* Exercise prompt
Your output should repeat each record below with no differences.

[Stored records]
○ ○ ○ ○ ○

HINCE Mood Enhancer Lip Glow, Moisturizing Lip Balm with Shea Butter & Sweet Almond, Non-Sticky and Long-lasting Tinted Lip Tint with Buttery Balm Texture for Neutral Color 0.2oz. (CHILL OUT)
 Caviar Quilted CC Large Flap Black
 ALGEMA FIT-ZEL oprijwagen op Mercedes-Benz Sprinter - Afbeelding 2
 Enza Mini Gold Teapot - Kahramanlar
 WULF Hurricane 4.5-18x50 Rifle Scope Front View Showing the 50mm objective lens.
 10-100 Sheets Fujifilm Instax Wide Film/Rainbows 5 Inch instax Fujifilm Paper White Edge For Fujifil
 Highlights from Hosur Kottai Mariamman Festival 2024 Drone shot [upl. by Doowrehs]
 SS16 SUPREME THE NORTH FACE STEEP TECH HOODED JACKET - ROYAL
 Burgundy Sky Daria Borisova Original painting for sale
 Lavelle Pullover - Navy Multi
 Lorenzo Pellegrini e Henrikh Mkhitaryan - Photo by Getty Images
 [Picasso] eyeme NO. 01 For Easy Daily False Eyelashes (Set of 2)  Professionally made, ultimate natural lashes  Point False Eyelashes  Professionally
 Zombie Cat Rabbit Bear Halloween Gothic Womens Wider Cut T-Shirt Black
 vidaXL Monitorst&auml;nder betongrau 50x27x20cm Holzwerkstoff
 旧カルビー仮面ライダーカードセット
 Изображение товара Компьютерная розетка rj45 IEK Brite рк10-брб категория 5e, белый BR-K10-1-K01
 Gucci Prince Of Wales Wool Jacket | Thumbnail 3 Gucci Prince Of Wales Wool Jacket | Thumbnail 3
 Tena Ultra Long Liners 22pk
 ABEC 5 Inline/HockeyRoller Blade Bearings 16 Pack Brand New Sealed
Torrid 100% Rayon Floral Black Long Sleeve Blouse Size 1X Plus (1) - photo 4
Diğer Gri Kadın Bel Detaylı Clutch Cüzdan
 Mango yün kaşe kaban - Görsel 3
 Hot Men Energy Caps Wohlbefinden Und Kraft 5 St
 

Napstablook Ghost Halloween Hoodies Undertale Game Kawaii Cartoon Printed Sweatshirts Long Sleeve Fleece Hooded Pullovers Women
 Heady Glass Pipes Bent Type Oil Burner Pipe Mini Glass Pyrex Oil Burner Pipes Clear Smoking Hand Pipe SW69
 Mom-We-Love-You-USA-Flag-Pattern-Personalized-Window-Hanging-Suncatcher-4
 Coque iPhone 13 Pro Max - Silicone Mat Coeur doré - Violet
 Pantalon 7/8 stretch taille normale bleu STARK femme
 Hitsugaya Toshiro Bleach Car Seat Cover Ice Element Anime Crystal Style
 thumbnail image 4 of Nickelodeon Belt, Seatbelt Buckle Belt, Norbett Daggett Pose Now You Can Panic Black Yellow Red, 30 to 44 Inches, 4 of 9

○ ○ ○ ○ ○

* Your response
HINCE Mood Enhancer Lip Glow, Moisturizing Lip Balm with Shea Butter & Sweet Almond, Non-Sticky and Long-lasting Tinted Lip Tint with Buttery Balm Texture for Neutral Color 0.2oz. (CHILL OUT)
 Caviar Quilted CC Large Flap Black
 ALGEMA FIT-ZEL oprijwagen op Mercedes-Benz Sprinter - Afbeelding 2
 Enza Mini Gold Teapot - Kahramanlar
 WULF Hurricane 4.5-18x50 Rifle Scope Front View Showing the 50mm objective lens.
 10-100 Sheets Fujifilm Instax Wide Film/Rainbows 5 Inch instax Fujifilm Paper White Edge For Fujifil
 Highlights from Hosur Kottai Mariamman Festival 2024 Drone shot [upl. by Doowrehs]
 SS16 SUPREME THE NORTH FACE STEEP TECH HOODED JACKET - ROYAL
 Burgundy Sky Daria Borisova Original painting for sale
 Lavelle Pullover - Navy Multi
 Lorenzo Pellegrini e Henrikh Mkhitaryan - Photo by Getty Images
 [Picasso] eyeme NO. 01 For Easy Daily False Eyelashes (Set of 2)  Professionally made, ultimate natural lashes  Point False Eyelashes  Professionally
 Zombie Cat Rabbit Bear Halloween Gothic Womens Wider Cut T-Shirt Black
 vidaXL Monitorst&auml;nder betongrau 50x27x20cm Holzwerkstoff
 旧カルビー仮面ライダーカードセット
 Изображение товара Компьютерная розетка rj45 IEK Brite рк10-брб категория 5e, белый BR-K10-1-K01
 Gucci Prince Of Wales Wool Jacket | Thumbnail 3 Gucci Prince Of Wales Wool Jacket | Thumbnail 3
 Tena Ultra Long Liners 22pk
 ABEC 5 Inline/HockeyRoller Blade Bearings 16 Pack Brand New Sealed
Torrid 100% Rayon Floral Black Long Sleeve Blouse Size 1X Plus (1) - photo 4
Diğer Gri Kadın Bel Detaylı Clutch Cüzdan
 Mango yün kaşe kaban - Görsel 3
 Hot Men Energy Caps Wohlbefinden Und Kraft 5 St
 

Napstablook Ghost Halloween Hoodies Undertale Game Kawaii Cartoon Printed Sweatshirts Long Sleeve Fleece Hooded Pullovers Women
 Heady Glass Pipes Bent Type Oil Burner Pipe Mini Glass Pyrex Oil Burner Pipes Clear Smoking Hand Pipe SW69
 Mom-We-Love-You-USA-Flag-Pattern-Personalized-Window-Hanging-Suncatcher-4
 Coque iPhone 13 Pro Max - Silicone Mat Coeur doré - Violet
 Pantalon 7/8 stretch taille normale bleu STARK femme
 Hitsugaya Toshiro Bleach Car Seat Cover Ice Element Anime Crystal Style
 thumbnail image 4 of Nickelodeon Belt, Seatbelt Buckle Belt, Norbett Daggett Pose Now You Can Panic Black Yellow Red, 30 to 44 Inches, 4 of 9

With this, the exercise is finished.